Your task: Look in the data below for the line that has "a kitchen with", then print exactly every line from there through the line that has "Someone in brown", leaving pictures out.

Records for this exercise:

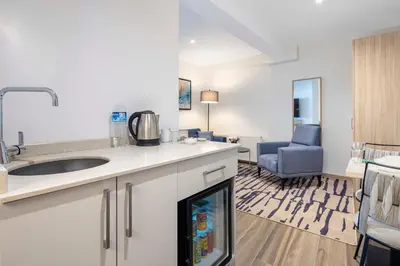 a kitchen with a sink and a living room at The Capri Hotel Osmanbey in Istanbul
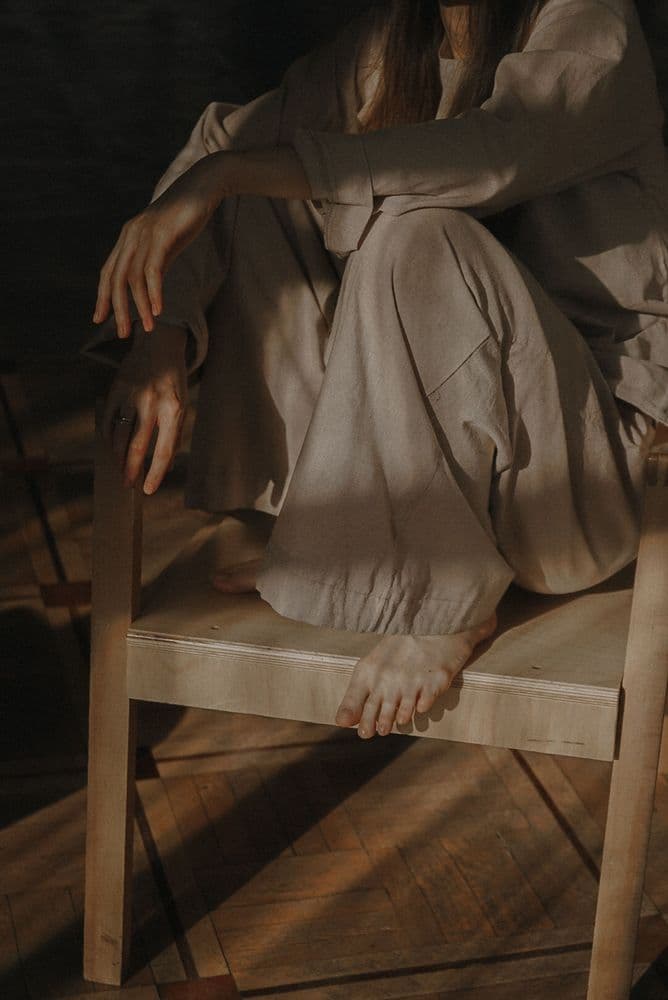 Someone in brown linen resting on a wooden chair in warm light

--

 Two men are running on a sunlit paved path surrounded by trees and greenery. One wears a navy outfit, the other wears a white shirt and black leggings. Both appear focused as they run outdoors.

Task output:
 a kitchen with a sink and a living room at The Capri Hotel Osmanbey in Istanbul
 Someone in brown linen resting on a wooden chair in warm light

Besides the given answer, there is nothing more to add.